Coupmakers Repackage Former Govt's Economic Policies

Former Transport Minister Chatchart Sitthipan presents 2.2 trillion baht mega-project at a government-sponsored exhibition, 30 July 2013.

BANGKOK — The military junta is now touting three new economic measures, all of which were lifted clean from the playbook of the government it overthrew one week ago.

In its bid to shore up support from the public, the National Council of Peace and Order (NCPO) announced that its central priority is to ensure the "well-being of citizens.”

After seizing control of the country, the NCPO quickly began distributing billions of baht to the more than 800,000 farmers that are still owed money for participating in the former government’s rice-pledging scheme.

The NCPO ordered banks to provide the funding for the rice payments, which military-controlled media is portraying as the NCPO’s ability to solve a problem that the former government spent months trying to tackle without success.
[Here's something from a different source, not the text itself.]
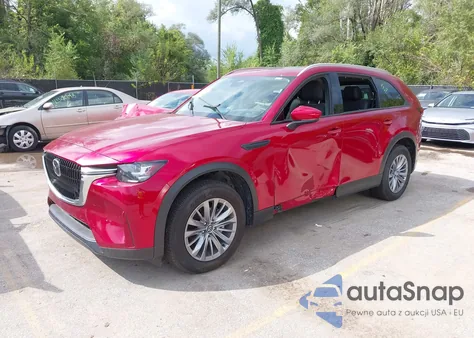 2024 Mazda Cx-90 3.3 Turbo Preferred Plus from USA, damaged, VIN JM3KKCHD9R1161991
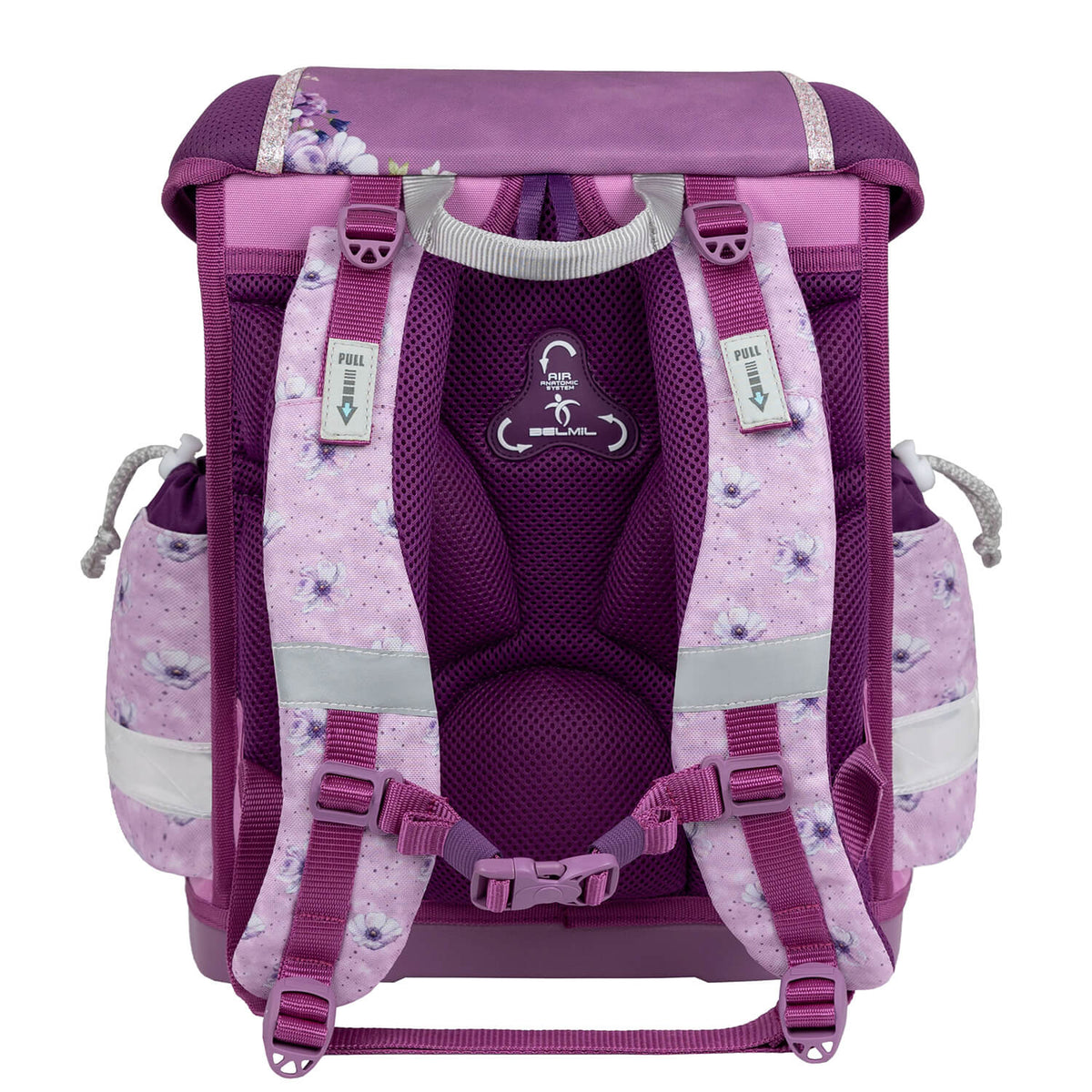 Ergonomic School Bag – Belmil Classy Little Princess Purple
In reality, Ms. Yingluck's government tried laboriously to convince banks to lend the money needed to pay farmers, but such efforts were blocked by the anti-government protesters that threatened to withdraw their money from any bank that provided a loan. Anti-government protesters, who argued that the money had to come from selling rice on the market, also staged rallies and blockades at the banks' headquarters.

In addition to the rice payments, the NCPO has promised to conduct a massive flood prevention project along the Chao Praya River, which spans many provinces, including Bangkok, Ayutthaya, Ang Thong, and Chainat.

The project is a part of the water management project drafted under the Yingluck administration in a response to the disastrous flood that submerged parts of central Thailand and Bangkok in October 2011. 

According to a report by Manager ASTV, the flood defense project now being pursued by the military has already been "40-50%" completed by the former government. 

The army's latest effort to repackage economic policies from the Yingluck administration concerns the 2.2 trillion baht infrastructure mega-project that was struck down by the Constitutional Court in March.  

The project calls for the construction of a  high-speed rail link and new roads, harbours, and flood-defence projects in important industrial areas. 

"I insist that we will go ahead with investment in all aspects of basic infrastructure, in the land, water, and air," Air Chief Marshal Prachin Chanthong, deputy director of the NCPO, told the press yesterday. "It will increase safety and convenience in travel for the citizens."

The Constitutional Court prevented the Yingluck administration from going forward with the infrastructure project by striking down the bill that would approve the necessary loans, citing irregularities and possible corruption in the bill. 

A prominent judge of the Constitutional Court also expressed his skepticism toward the project during a court hearing, claiming that Thailand should focus on upgrading dirt-roads in the country  before engaging in the construction of high-speed railway.